[DATA EXTRACTS]

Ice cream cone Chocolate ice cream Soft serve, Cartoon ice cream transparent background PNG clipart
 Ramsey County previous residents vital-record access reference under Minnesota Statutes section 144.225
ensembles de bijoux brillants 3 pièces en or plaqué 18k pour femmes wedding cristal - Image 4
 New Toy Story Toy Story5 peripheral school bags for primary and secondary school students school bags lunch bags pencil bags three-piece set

[/DATA EXTRACTS]
[DATA EXTRACTS]

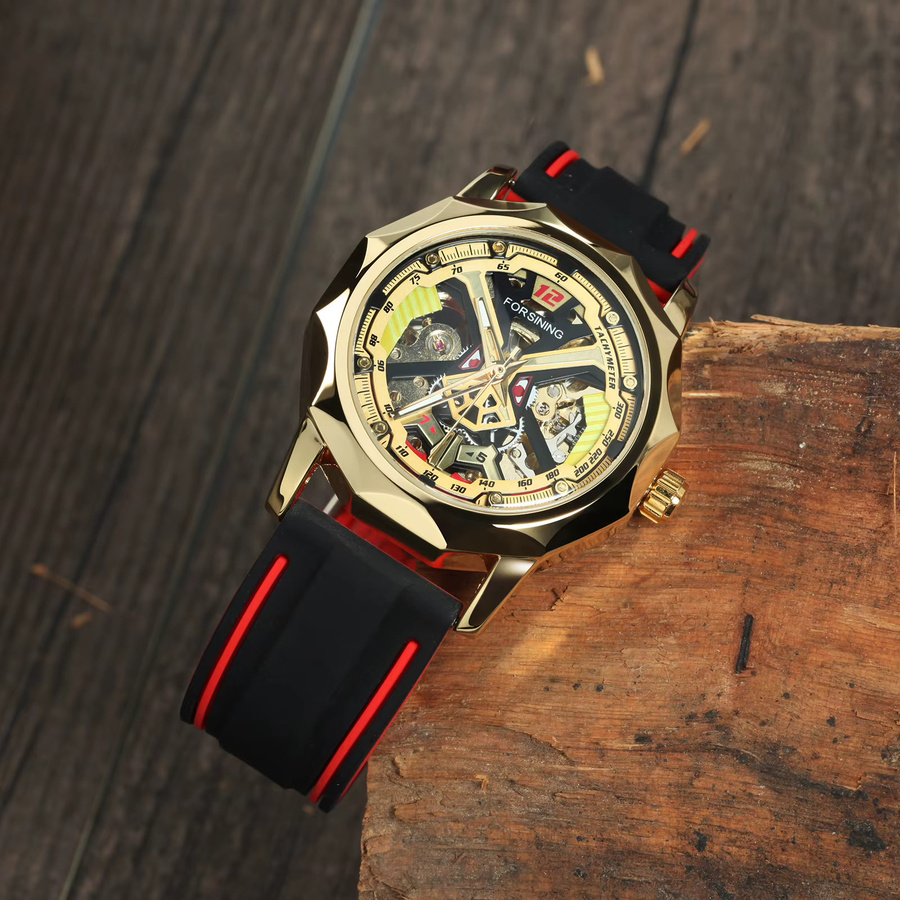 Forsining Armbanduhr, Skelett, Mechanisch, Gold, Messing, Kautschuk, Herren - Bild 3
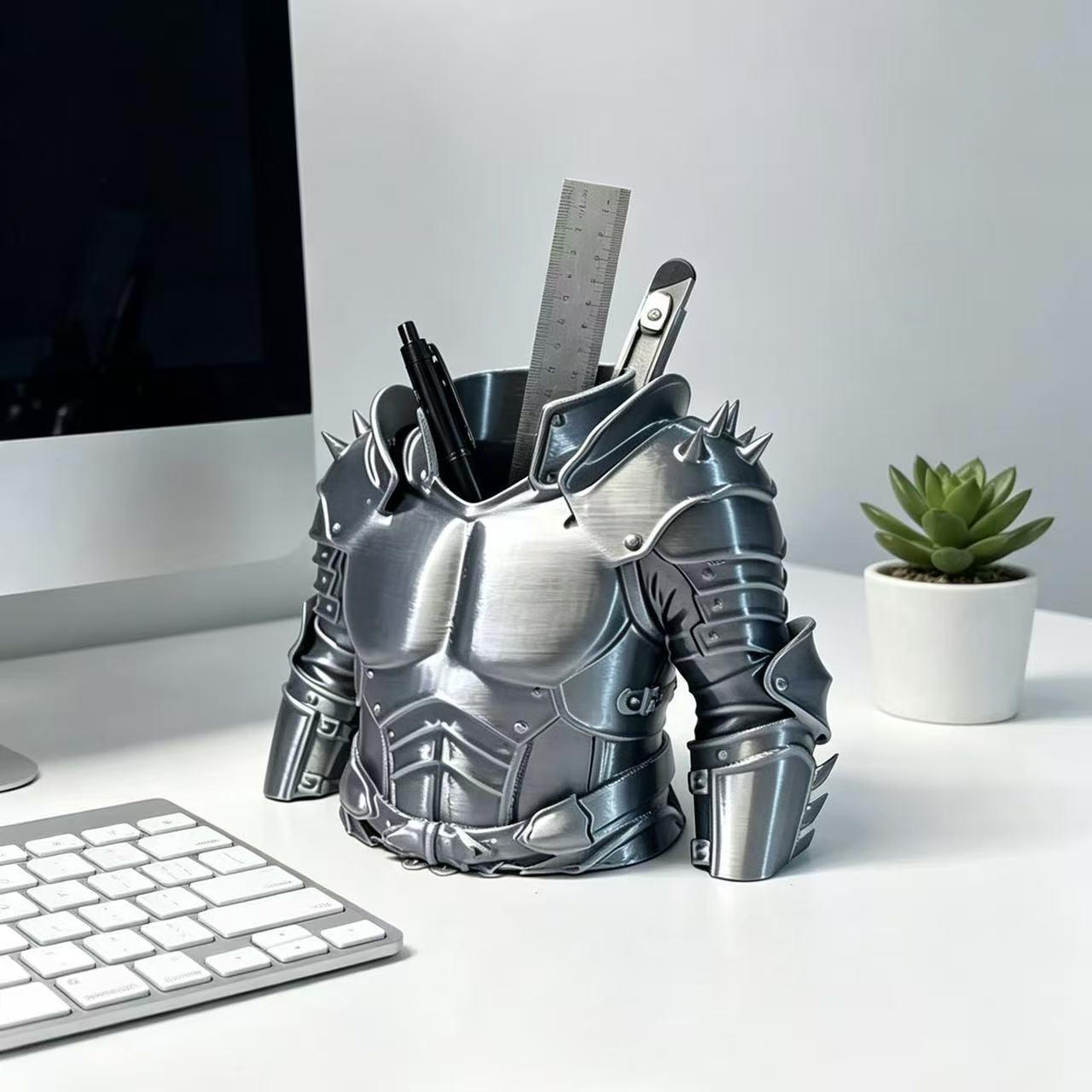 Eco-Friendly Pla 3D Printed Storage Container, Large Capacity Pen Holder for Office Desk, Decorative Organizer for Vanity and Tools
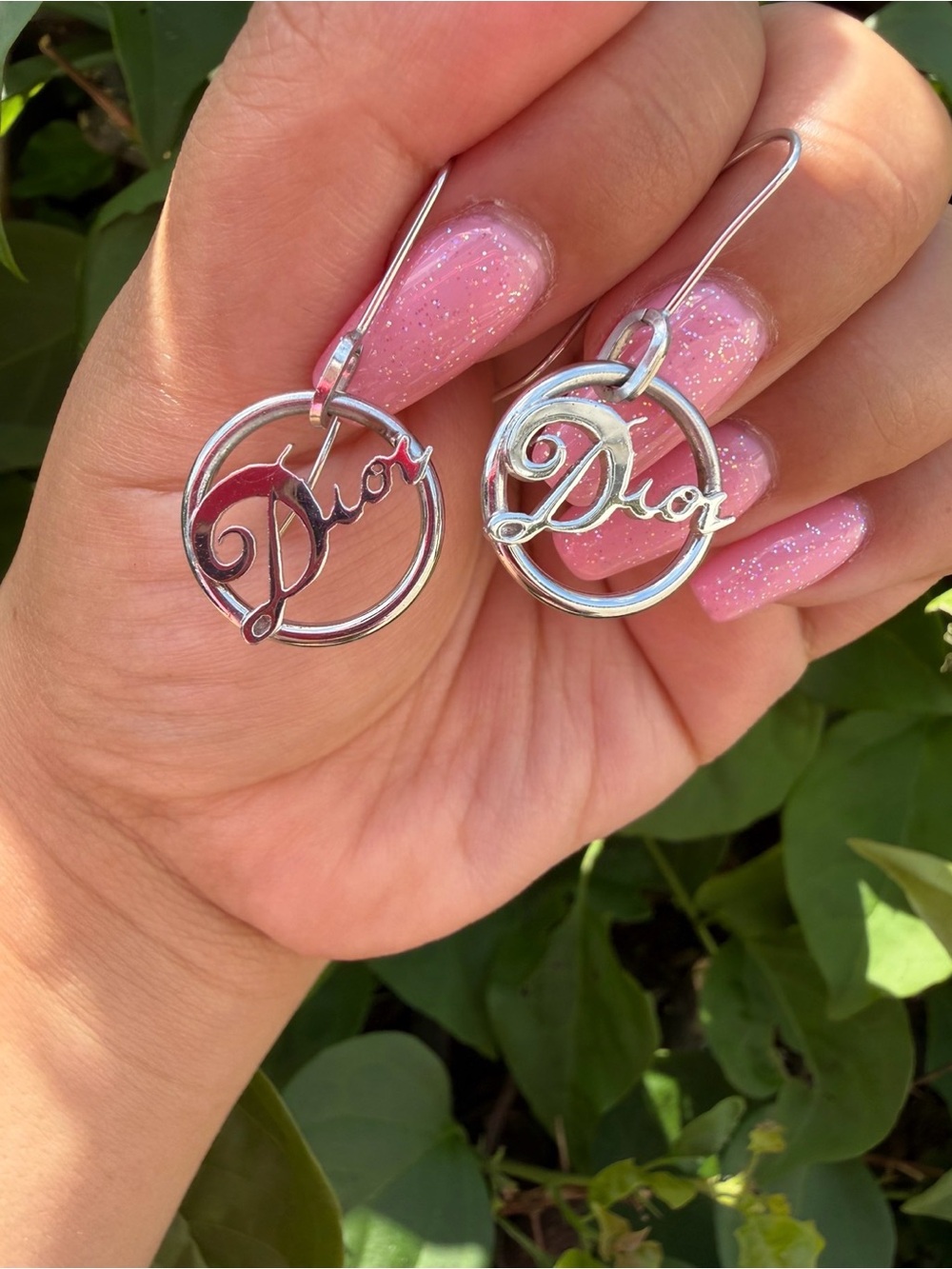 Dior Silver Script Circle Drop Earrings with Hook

[/DATA EXTRACTS]

- [PROBLEM DETAILS]
Please write out, exactly as they appear above, only the lines in the stretch from the line with "ensembles de bijoux" through the line with "New Toy Story".

- [RESULT FOR THIS TASK]
ensembles de bijoux brillants 3 pièces en or plaqué 18k pour femmes wedding cristal - Image 4
 New Toy Story Toy Story5 peripheral school bags for primary and secondary school students school bags lunch bags pencil bags three-piece set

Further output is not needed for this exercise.